Initialize a model, do not modify valuable tfidf from now on.  
tfidf - Term Frequency * Inverse Document Frequency

In [40]:
tfidf_neg = gensim.models.TfidfModel(corpus_neg)
tfidf_neg.save('models/onp_neg_tm.tfidf')

# put a model wrapper around corpus
corpus_tfidf_neg = tfidf_neg[corpus_neg]
gensim.corpora.MmCorpus.serialize('models/onp_neg_tm.mm_corpus_tfidf', corpus_tfidf_neg)
#for doc in corpus_tfidf:
#    print(doc)

In [41]:
# number of topics to model
n_topics = 5

#### Use Latent Dirichlet Allocation (LDA) model

#### 1. with online LDA

In [42]:
lda_model_neg = gensim.models.ldamodel.LdaModel(corpus=corpus_tfidf_neg, id2word=dictionary_neg, 
                                                num_topics=n_topics, 
                                                update_every=1, chunksize=10000, passes=5)

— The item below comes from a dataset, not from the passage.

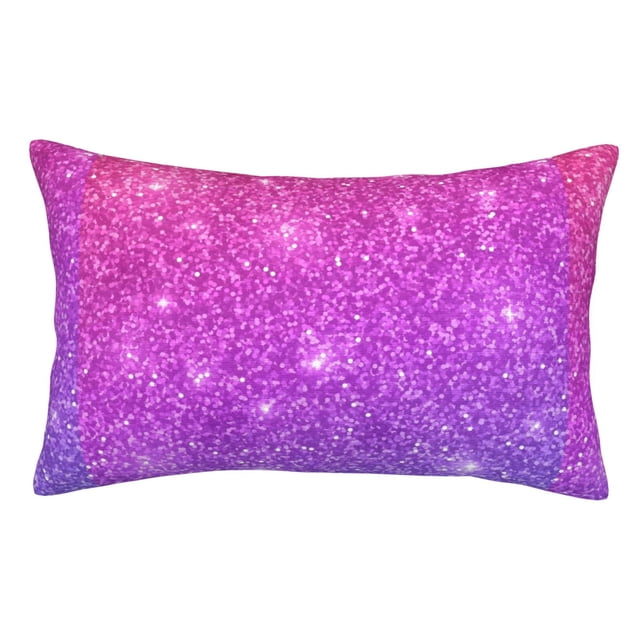 Balery Pink Purple Glitter Funda de Cojín Estampada, Regalos para Mujeres, Regalos de Amor para Ella, Regalos para Novia o Esposa, Funda de Almohada-14"x20"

#### 2. or batch LDA, no online updates   

lda_model = gensim.models.ldamodel.LdaModel(corpus=corpus_tfidf, id2word=dictionary, num_topics=n_topics, update_every=0, passes=20)

#### Now save the model

In [43]:
lda_model_neg.save('models/onp_neg_tm.lda')
#top_words = [[word for word in lda_model_neg.show_topic(topicno, topn=5)] 
#             for topicno in range(lda_model_neg.num_topics)]
#print(top_words)

#### Visualise the model with pyLDAvis

To load preivous saved model from disk:  

dictionary = gensim.corpora.Dictionary.load('models/onp_neg_tm.dict')  
corpus_tfidf = gensim.corpora.MmCorpus('models/onp_neg_tm.mm_corpus_tfidf')  
lda_model = gensim.models.ldamodel.LdaModel.load('models/onp_neg_tm.lda')

In [44]:
vis_data_neg = pyLDAvis.gensim.prepare(lda_model_neg, corpus_tfidf_neg, dictionary_neg)
pyLDAvis.display(vis_data_neg)

## Similar words with word2vec

In [45]:
m = gensim.models.Word2Vec(words_onp, size=100, window=5, min_count=3, workers=4)
pp.pprint(m.most_similar("nation"))

[   (u'senator', 0.9957336783409119),
    (u'malcolm', 0.9939283132553101),
    (u'profbriancox', 0.9926587343215942),
    (u'roberts', 0.9921092391014099),
    (u'elect', 0.9916069507598877),
    (u'takes', 0.9908980131149292),
    (u'readfearn', 0.9842835068702698),
    (u'abctv', 0.9841217398643494),
    (u'denied', 0.9823267459869385),
    (u'scientist', 0.981223464012146)]


In [46]:
m = gensim.models.Word2Vec(words_onp_neg, size=100, window=5, min_count=3, workers=4)
pp.pprint(m.most_similar("nation"))

[   (u'malcolm', 0.9970388412475586),
    (u'senator', 0.9967544674873352),
    (u'roberts', 0.9961132407188416),
    (u'denier', 0.9943068027496338),
    (u'icymi', 0.9939748048782349),
    (u'denied', 0.993387758731842),
    (u'scaa', 0.9931299090385437),
    (u'abctv', 0.9930740594863892),
    (u'mocks', 0.9928045868873596),
    (u'discredited', 0.9915701746940613)]


In [47]:
m = gensim.models.Word2Vec(words_onp_pos, size=100, window=5, min_count=3, workers=4)
pp.pprint(m.most_similar("nation"))

[   (u'qanda', 0.9998025894165039),
    (u'roberts', 0.9997572898864746),
    (u'malcolm', 0.99972003698349),
    (u'believe', 0.9997132420539856),
    (u'senator', 0.9997057914733887),
    (u'profbriancox', 0.9996393918991089),
    (u'scientist', 0.9996350407600403),
    (u'years', 0.9996035099029541),
    (u'esteemed', 0.9995802640914917),
    (u'world', 0.9995610117912292)]


## Todo:  

In the next part of topic modelling, try grouping frequent consecutive words into phrases.